ISO (pronounced “eye-so”) allows you to control the camera’s light sensitivity based on a numerical system. The lower the ISO number (e.g. 200 or 400), the less sensitive the camera will be to light, so you need good, strong lighting to capture your subject well. The higher you set the ISO numbers (e.g. 1,600 and beyond) the more sensitive the camera’s sensor becomes, so you can use the camera in low light without a flash.
However, as you increase the ISO, you will have a slightly reduced quality of the image as it will get grainer. The grainy look is called ‘electronic noise’. A customer mentioned that decades ago when she was shooting film, she used to buy color negative film and slide film that was rated at speeds of 25, 64, and 50… yet her digital camera did not have an option below 200 ISO. Why?
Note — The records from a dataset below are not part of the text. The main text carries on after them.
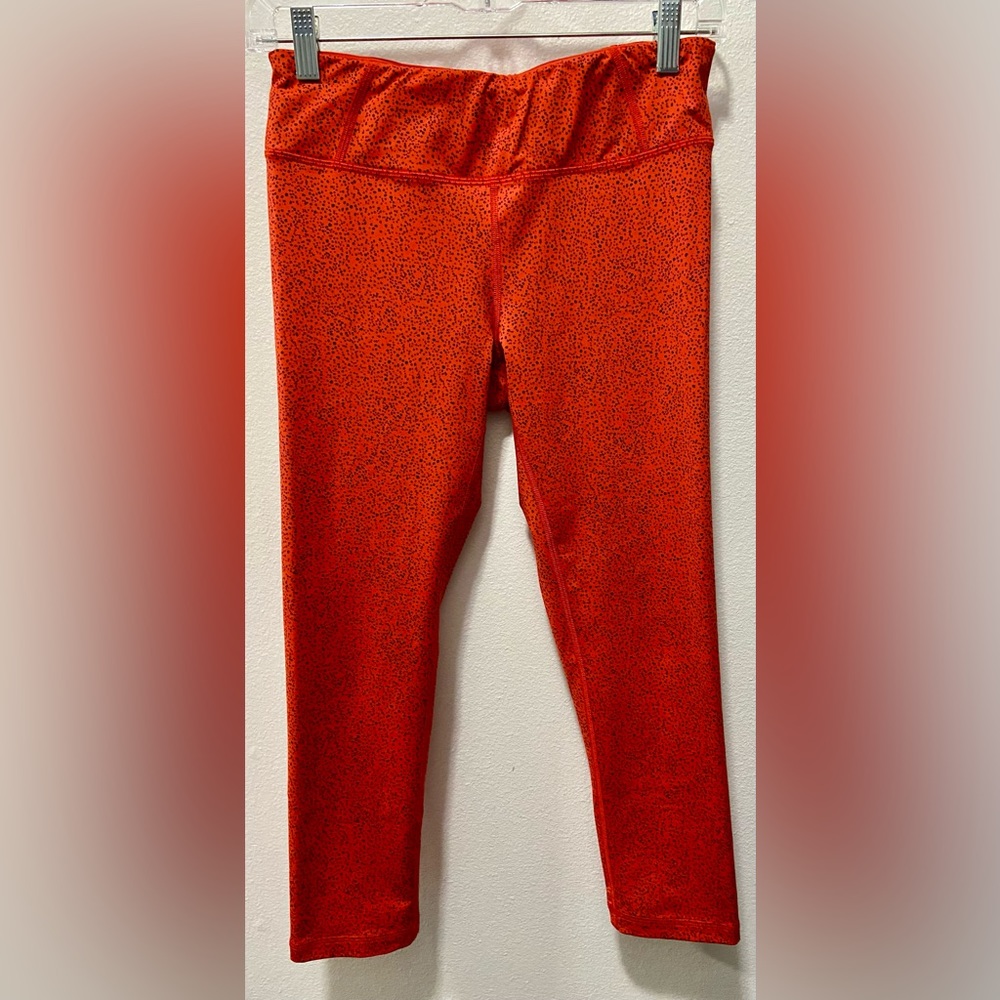 Lucy Size Small Leggings
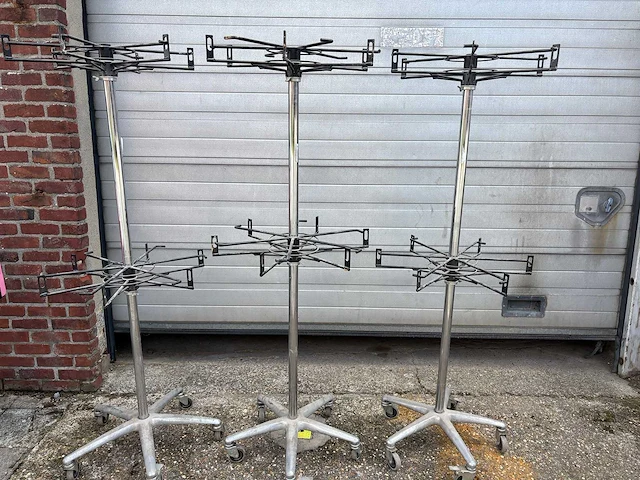 Tassen rekken - cloating rack (3x) - afbeelding 1 van  4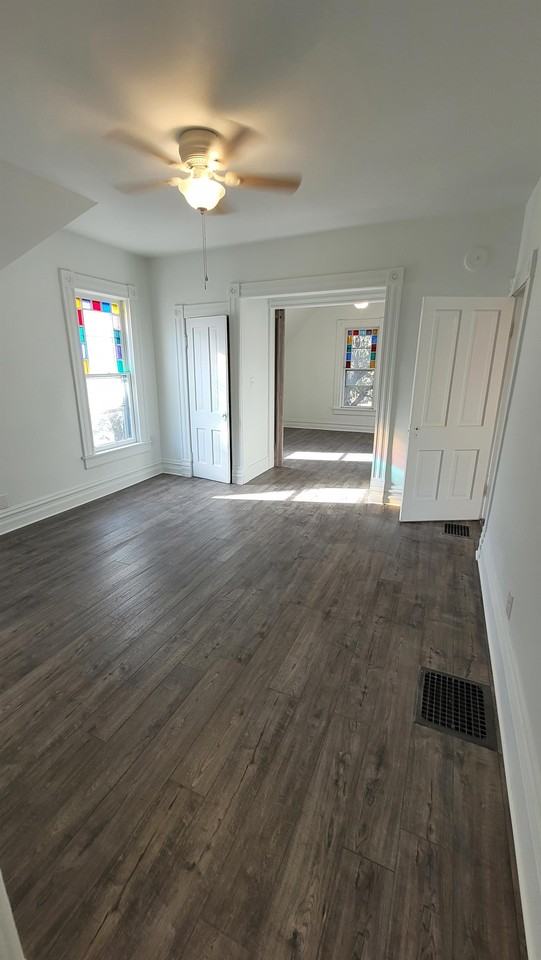 Colorado Avenue 728 W - Photo 5 of 12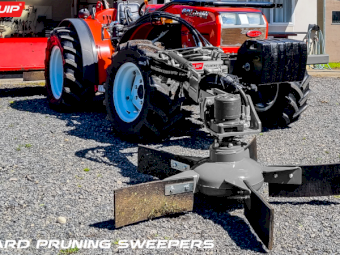 Vineyard/Orchard Tractor mounted Pruning Sweep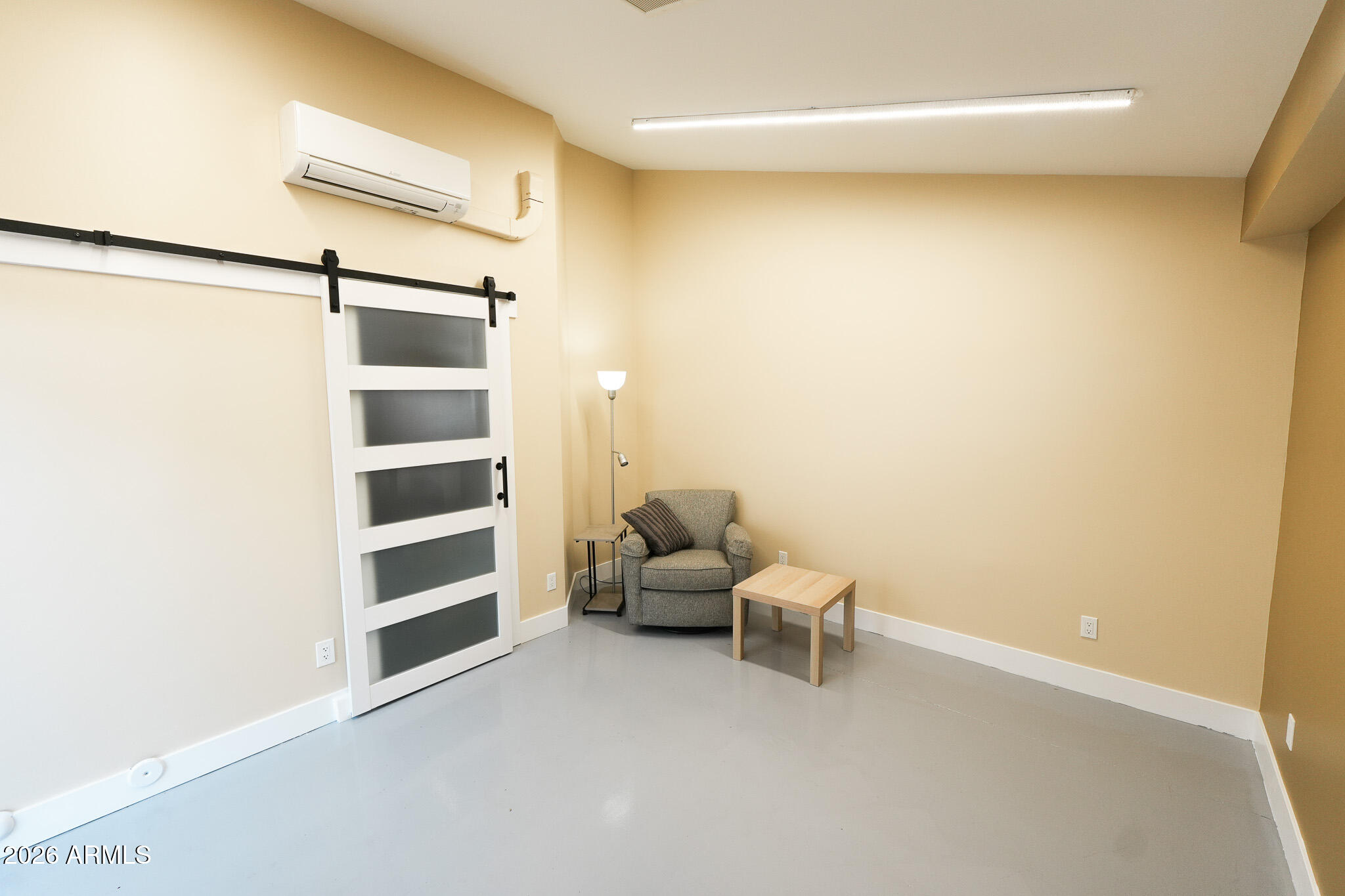 17200 West Bell Road, Unit 554 Surprise, AZ 85374 - Photo 9 of 21 a view of a room with table and chair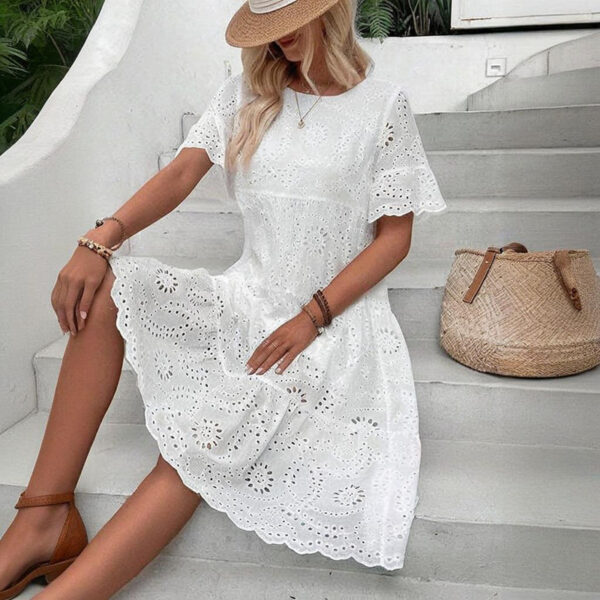 Women's Round Neck Embroidered Lace Short Sleeve A-Line Elegant Summer Vacation Dress - Image 3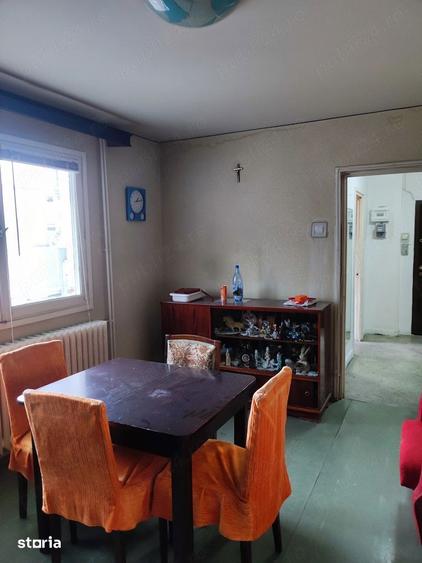 Apartament cu 4 camere decomandat, mobilat în Berceni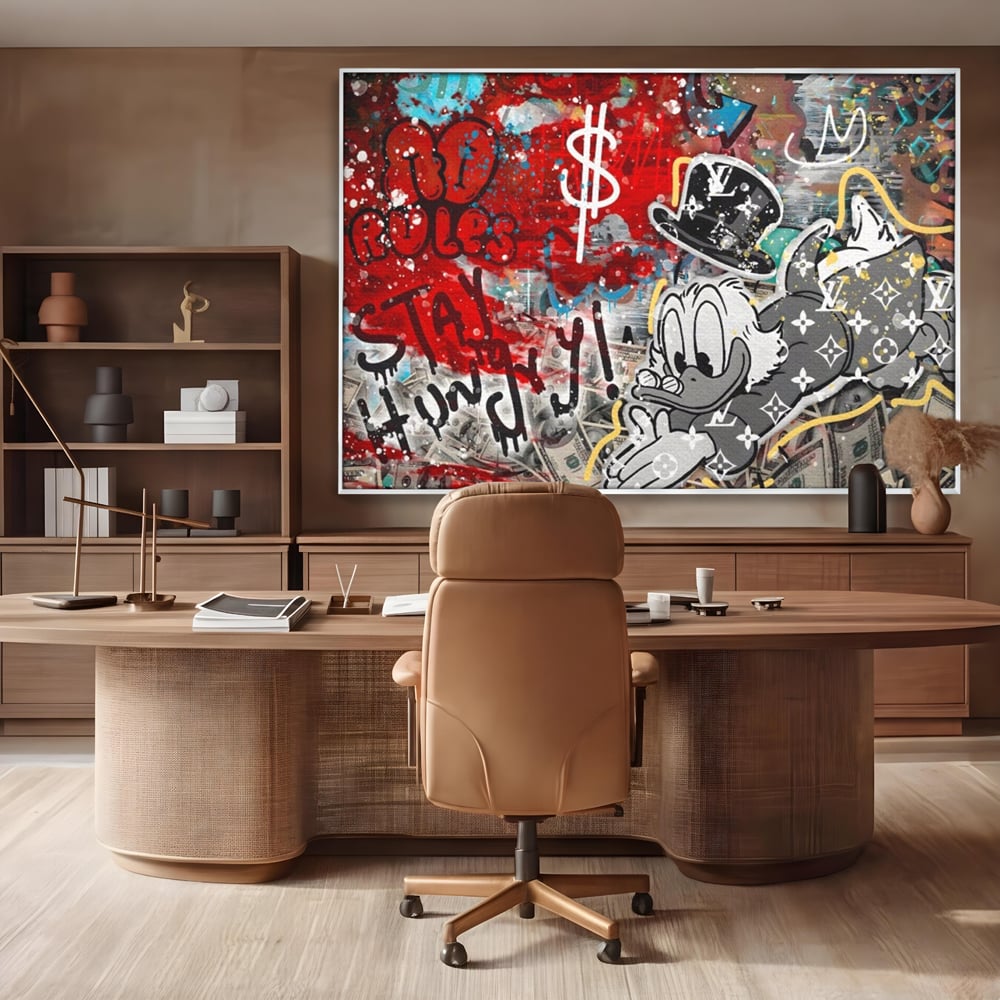 Tablou canvas cu tablou canvas cu scrooge mcduck si graffiti, in rama de aluminiu argintiu, pe perete intr-un birou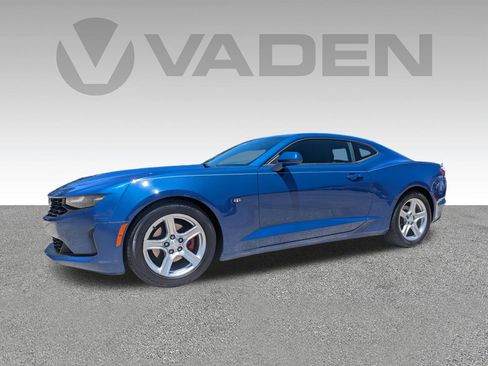 Used 2020 Chevrolet Camaro LT RWD image 2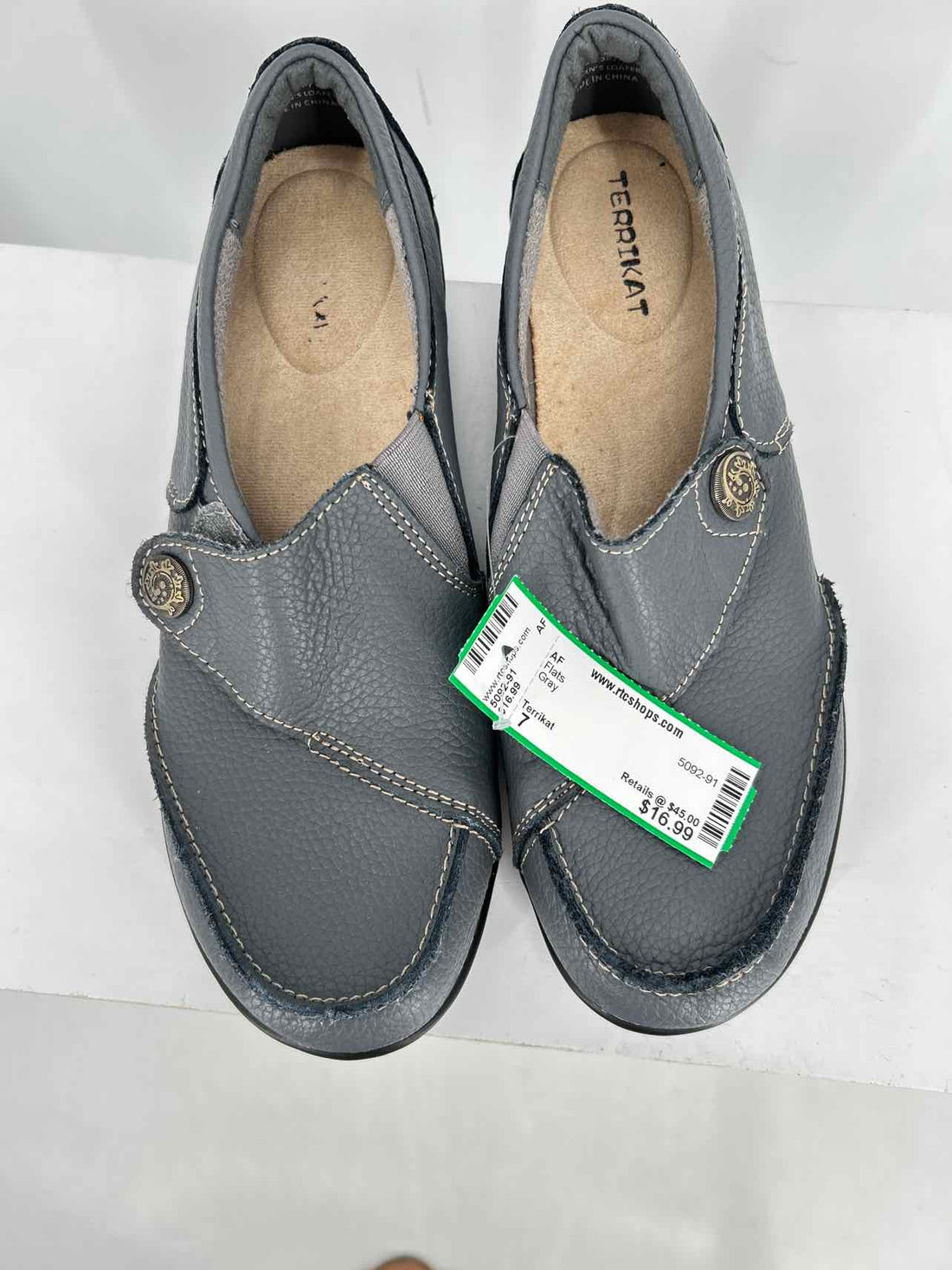 Terrikat Women Size 7 Gray Flats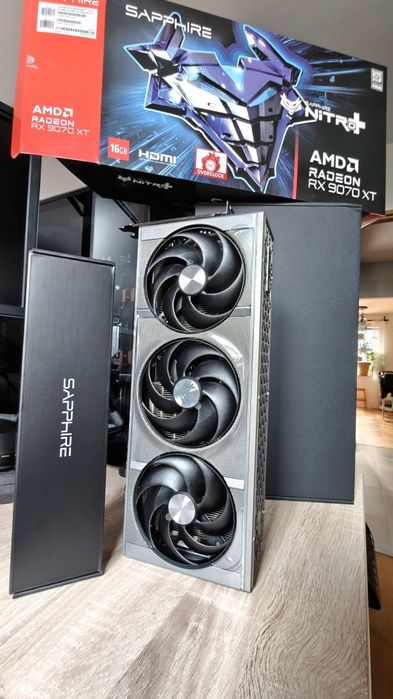 Sapphire RX 9070 XT  nitro+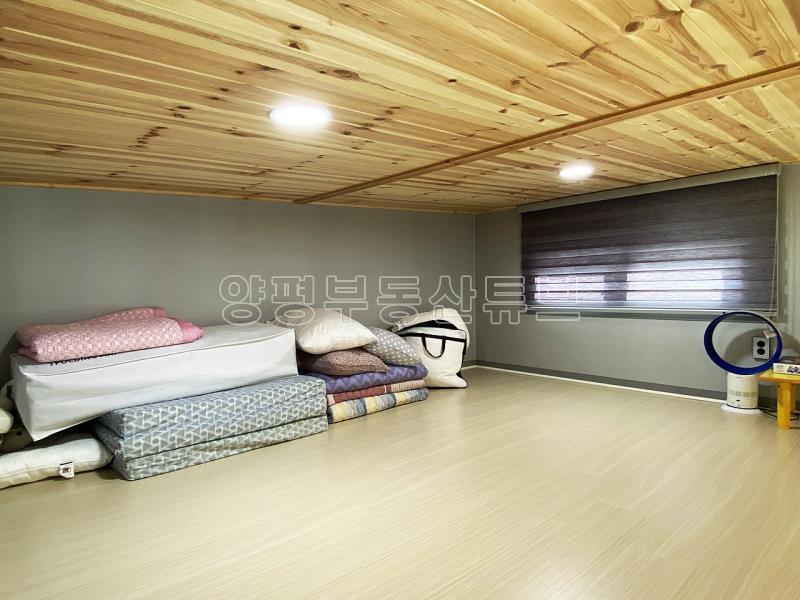 조용하고 한적한 마을의 주말에 평안히 쉴 수 있는 좋은 입지의 전원주택_7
The majority of DSLRs tend to start around 200 ISO and stop at 6,400 ISO. Each camera has a base ISO which provides the cleanest image for that camera. The ISO range available on your digital camera is called its ‘native setting’ and the engineers designed it to work at its most optimum level within those limitations. In some cameras you can select ‘Extended ISO’ mode, which opens up additional settings.
This will let you drop below 200 ISO, or extend the range to a ridiculously high ISO number such as 51,200! But extended ISO is really just a marketing gimmick. Ultra high ISO is quite impressive, but all it means is that your camera can do some software manipulation to take it beyond the normal range. And when you go beyond the ‘native settings’ you will end up with reduced quality.